Выбившись из сил, я опустился в кресло в кабинете Родзянко против большого зеркала... В нем мне была видна не только эта комната, набитая толкающимися и шныряющими во все стороны разными людьми, но видна была и соседняя, «кабинет Волконского», где творилось такое же столпотворение. В зеркале все это отражалось туманно и несколько картинно...

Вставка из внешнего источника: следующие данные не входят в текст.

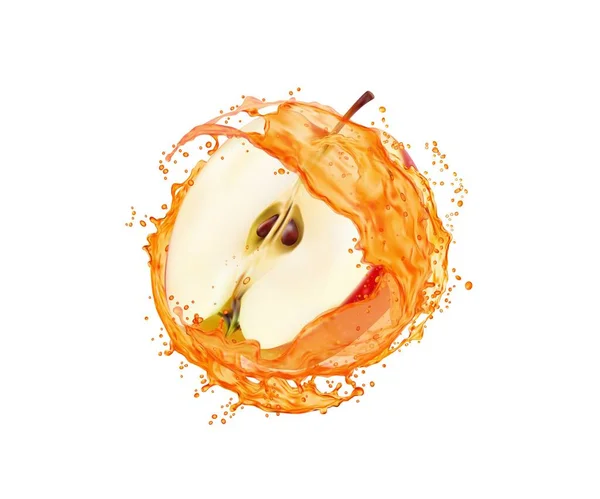 Apfelfruchtscheibe Mit Saftspritzer Vitaminsaftige Drinks Wirbeln Oder Wirbeln Mit Tröpfchen — Stockvektor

Вдруг я почувствовал, что из «кабинета Волконского» побежало особенное волнение, причину которого мне сейчас же шепнули:
— Протопопов арестован!
И в то же мгновение я увидел в зеркале, как бурно распахнулась дверь в «кабинете Волконского» и ворвался Керенский. Он был бледен, глаза горели, рука поднята... Этой протянутой рукой он как бы резал толпу... Все его узнали и расступились на обе стороны, просто испугавшись его вида. И тогда в зеркале я увидел за Керенским солдат с винтовками, а между штыками — тщедушную фигурку с совершенно затурканным, страшно съежившимся лицом... Я с трудом узнал Протопопова.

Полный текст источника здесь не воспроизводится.